# Multivariate Statistics

*Spring 2024*

# Introduction

This module is concerned with the analysis of multivariate data, in which the response is a vector of random variables rather than a single random variable.

Part I of the module describes some basic concepts in Multivariate Analysis and then recaps and introduces some key ideas needed from linear algebra. Chapter 1 defines notation, introduces some datasets, and discusses exploratory data analysis. Chapter 2 provides a recap on some matrix algebra. Much of this will be familiar to you, but if not, we take the time to introduce the key mathematical concepts that will be relied upon during the module. Chapter 3 introduces matrix decompositions. We start with the spectral decomposition of square symmetric matrices (which you will have studied previously), and then introduce the singular value decomposition (SVD). The SVD is one of the most important concepts in this module, and is the key linear algebra technique behind many of the methods we will study.
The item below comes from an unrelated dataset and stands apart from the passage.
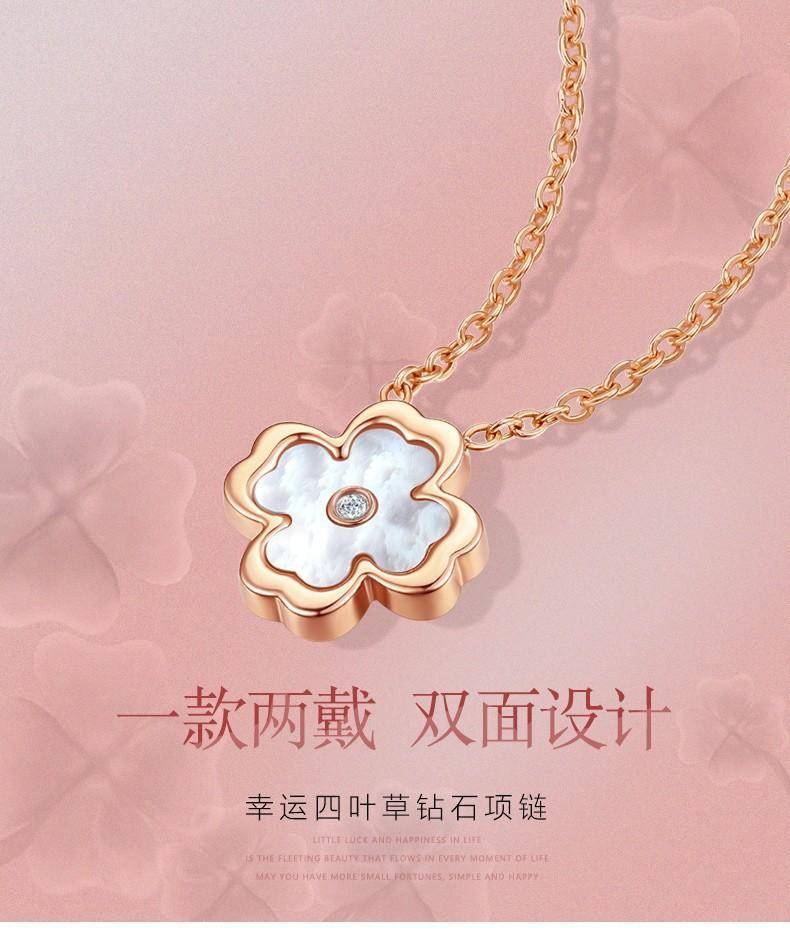 香港周六福幸运四叶草钻石吊坠项链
A theme running through the module is that of dimension reduction. In Part II we consider three types of dimension reduction: Principal Components Analysis (in Chapter 4), whose purpose is to identify the main modes of variation in a multivariate dataset; Canonical Correlation Analysis (Chapter 5), whose purpose is to describe the association between two sets of variables; and Multidimensional Scaling (Chapter 6), in which the starting point is a set of pairwise distances, suitably defined, between the objects under study.

In Part III, we focus on methods of inference for multivariate data whose distribution is multivariate normal.

Finally, in Part IV, we focus on different methods of classification, i.e. allocating the observations in a sample to different subsets (or groups).

If you find any typos or mistakes, please email me at

`richard.wilkinson@nottingham.ac.uk`

**Note:** Although it appears like the notes are very long, this is because the R code, R output and plots, as well as the exercises and computer tasks, are embedded in the notes. The theory parts of the notes are less than 100 pages in total.